Italie : « Berlusconi n’ira probablement pas en prison »

Presse
15 mai 2013
Par Fabio Liberti, directeur de recherche à l’IRIS
Condamné en appel à un an de prison pour fraude fiscale, Silvio Berlusconi a affirmé jeudi qu’il voulait "garder séparés" ses ennuis judiciaires et son rôle dans le gouvernement italien, dont il est le maillon fort. Mais la décision de la Justice italienne déstabilisera-t-elle la coalition? C’est une hypothèse évoquée par Fabio Liberti, chercheur à l’Iris et spécialiste de la vie politique italienne. Aurait-t-elle aussi un impact politique?

L’objectif de son retour, annoncé en décembre dernier, était justement de pouvoir continuer à jouer un rôle de premier plan sur la scène politique italienne, afin d’avoir un moyen de pression sur la magistrature.
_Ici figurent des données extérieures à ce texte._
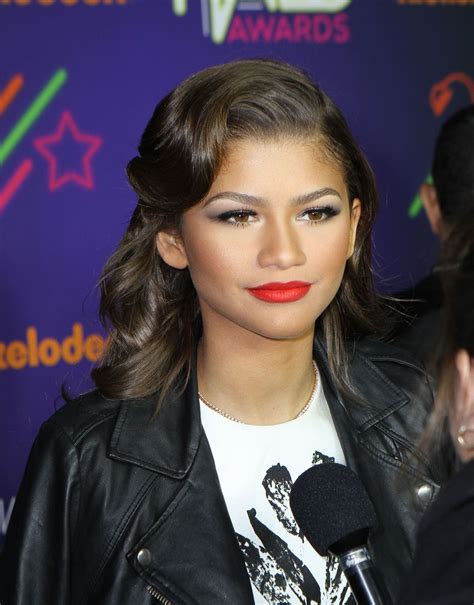 Zendaya (which means to give thanks in the language of shona) is an american actress and singer born in oakland, california. ZENDAYA COLEMAN at Nickelodeon Halo Awards 2014 in New ...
Il a réussi son pari : donnée à 11% dans les sondages, sa coalition a frôlé la victoire en février. Si on regarde les sondages actuels, elle est encore plus haut tandis que le Parti démocrate (de gauche, vainqueur des élections, Ndlr) est tombé à 22%. Sa formation politique, le Parti de la Liberté (PDL), et même une large partie de la classe politique ont conscience qu’une condamnation définitive de Berlusconi reviendrait à décapiter un parti politique qui est essentiel pour la survie même du gouvernement.
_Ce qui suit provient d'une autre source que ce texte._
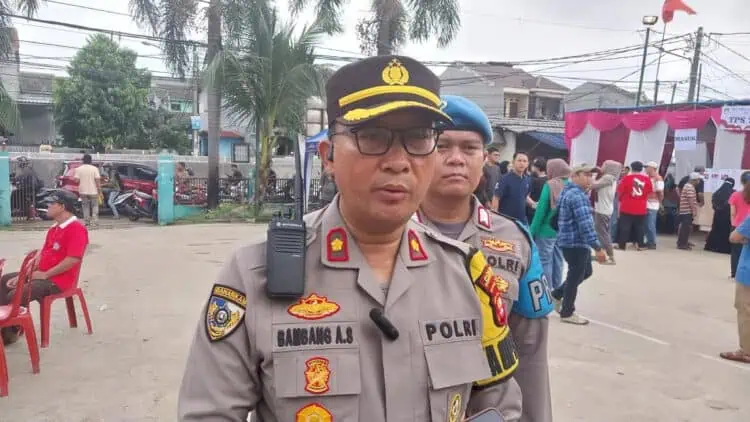 PENGANIAYAAN: Kapolsek Pondok Aren, Kompol Bambang Askar Sodiq meminta pelaku penganiayaan menyerahkan diri atau akan ditangkap. (EKO SETIAWAN/SATELIT NEWS)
Quelle conséquence alors pourrait avoir la confirmation de cette condamnation?

La question est de savoir si Berlusconi a envie de jouer la confrontation frontale avec la magistrature. Si oui, il pourrait faire tomber le gouvernement en déclenchant de nouvelles élections. Ce serait peut-être un moyen pour lui de se mettre l’opinion de son côté. Mais la décision de convoquer de nouvelles élections appartient au président de la République italienne, Giorgio Napolitano.
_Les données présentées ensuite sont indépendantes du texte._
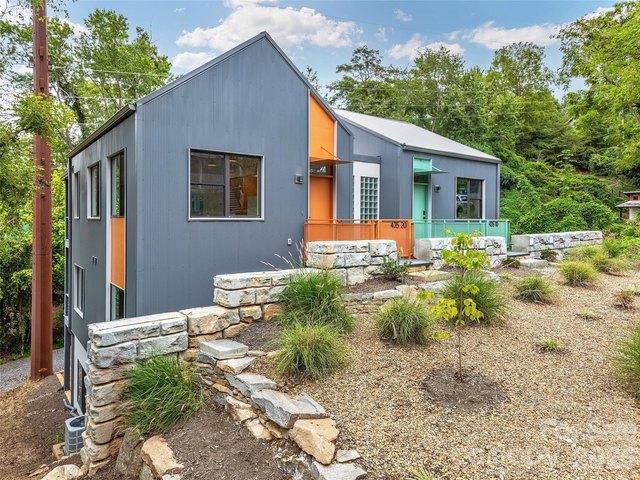 Townhouse for sale in Asheville, North Carolina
«La survie du gouvernement ne dépend pas de celle du Parti démocrate, au contraire»Quelle marge de manœuvre a le Président?



Si Berlusconi joue la radicalisation en retirant sa confiance au gouvernement, la balle revient dans son camp. Il pourrait appeler à un autre vote mais aussi tenter de former un autre gouvernement. Dans ce cas, le Cavaliere pourrait se retrouver dans une situation de faiblesse puisque le dialogue entre le Parti démocrate et le Mouvement cinq étoiles de Beppe Grillo (dans l’opposition) pourrait se rouvrir. Giorgio Napolitano pourrait également démissionner (comme il a menacé de le faire avant la formation du gouvernement, Ndlr). Je ne suis donc pas sûr que Silvio Berlusconi se trouverait dans une situation meilleure qu’aujourd’hui.

Silvio Berlusconi aurait donc surtout intérêt à rester dans cette configuration actuelle?

Avec le gouvernement Letta, il a obtenu tout ce qu’il voulait. Il est unanimement reconnu comme le grand gagnant de la situation. Même s’il n’est pas au gouvernement, c’est lui qui tire les ficelles. En provoquant de nouvelles élections, il existe un risque que l’opposition à Berlusconi se radicalise. Un autre scénario évoqué est celui d’une nomination par Giorgio Napolitano de Silvio Berlusconi comme sénateur à vie. Dans ce cas, ce serait un signal très fort envoyé à la magistrature car le chef de l’Etat italien est aussi le président du Conseil supérieur de la magistrature. Mais elle pourrait être potentiellement assez déstabilisante. Comment expliquer aux citoyens qu’un des leurs est au-dessus de la loi? Cela donnerait des ailes au Mouvement cinq étoiles.

Mais Silvio Berlusconi ne peut-il pas protéger ses intérêts judiciaires au sein de la coalition gouvernementale actuelle?

La magistrature est censée être indépendante. Bien sûr, à l’époque, les gouvernements Berlusconi votaient des lois sur mesure pour bloquer les procédures. Mais je pense que le gouvernement d’Enrico Letta ne résisterait pas à ce genre d’initiative. Le Parti démocrate, dont est issu le Président du Conseil, exploserait et menacerait la majorité parlementaire. La survie du gouvernement ne dépend pas de celle de la formation de gauche, au contraire. C’est ce qui rend justement la situation actuelle très complexe. Et puis, Beppe Grillo a axé tout sa campagne sur la thématique du "tous pourris". Il ne se privera pas de signaler cette situation si elle se produit.